Sempre a pé, o mais longe que o fotógrafo andou foi até às Gaeiras, sendo que nas Caldas atravessou a cidade do Avenal ao Bowling.

UM CALDENSE DE GEMA

Este caldense, de 35 anos, estudou na escola do Bairro do Ponte, na EBI Sto. Onofre e na Bordalo Pinheiro e também frequentou o curso de Som e Imagem na ESAD. O gosto da fotografia nasceu aí, em 2009, quando adquiriu uma máquina para o curso. “Gostei da sensação”, contou. A partir daí foi-se interessando e aprendendo sobre o tema.
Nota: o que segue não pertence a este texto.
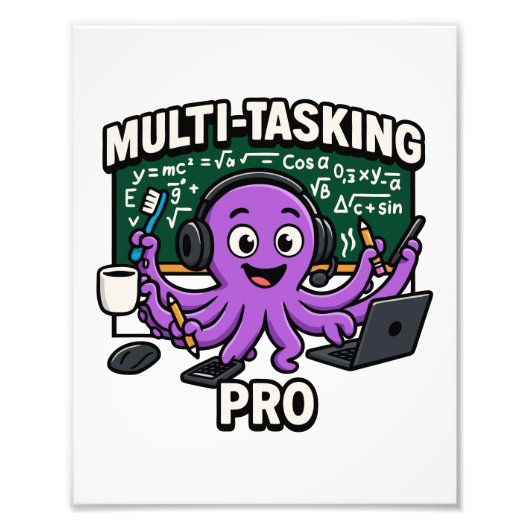 数々のタスキングOctopus Classroom Learner Pro フォトプリント (正面)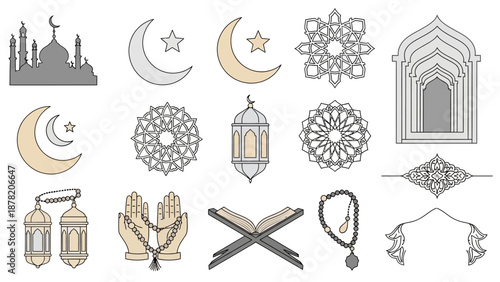 Islamic Symbols and Icons Collection 9.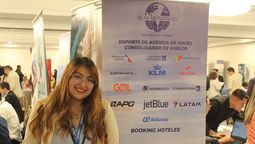 Dayana Jumbo, directora de Operaciones de Alas Mundiales, que promovió tickets aéreos en Ladevi Workshop en Quito. 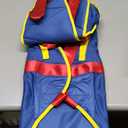 Full Body Patient Lift Sling, Head and Back Support, Toileting Transfer Slings, Split Legs with Commode Opening, 5 Handles, 6 Straps, Lifting Sling Medium Compatible with Various of Lifts (Medium)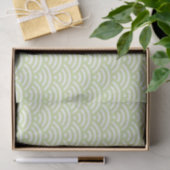 Orientalischer Wellenhintergrund Seidenpapier (Geschenk)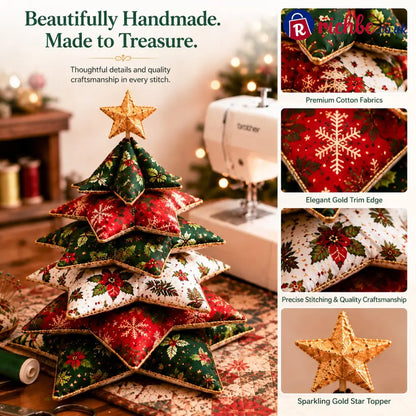 🎄 Christmas Star Pillow Tree Sewing Kit
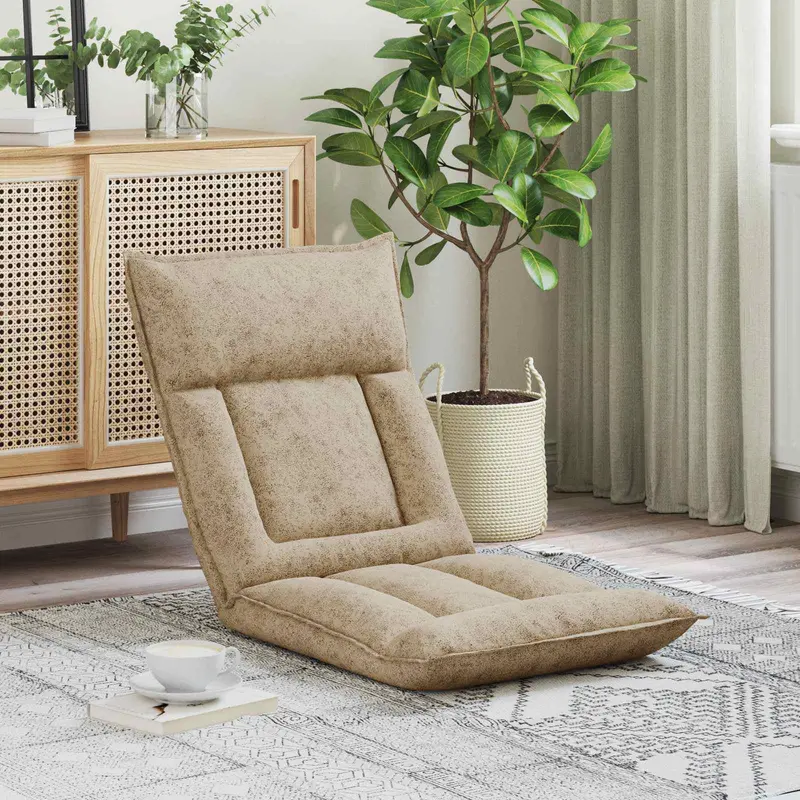 Sillón ajustable Gris Claro Tela
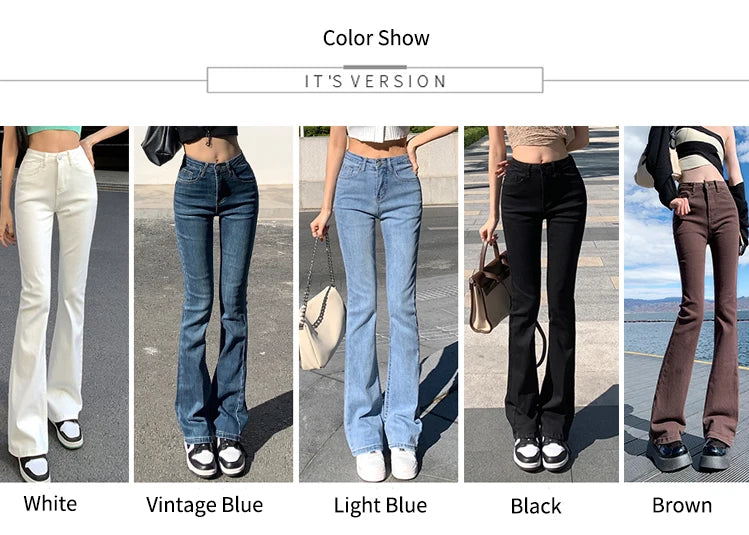 ZOENOVA Flare Jeans Low Waist Loose Comfortable Jeans For Women Pants 2022 Elastic Fashion Boyfriend Style Denim Pant Trousers - Fashioinista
Actualmente trabalha com uma magazine on-line e faz parte da equipa que fotografa o festival NOS Alive. “O que gosto mais é de fotografar concertos”, diz Nuno Conceição, que também faz outros serviços, como casamentos, publicidade e retratos. Nesse campo tem um projecto que se iniciou em 2016 e que também retrata os seus conterrâneos. Chama-se Caras da Minha Terra e conta com mais de 60 retratados.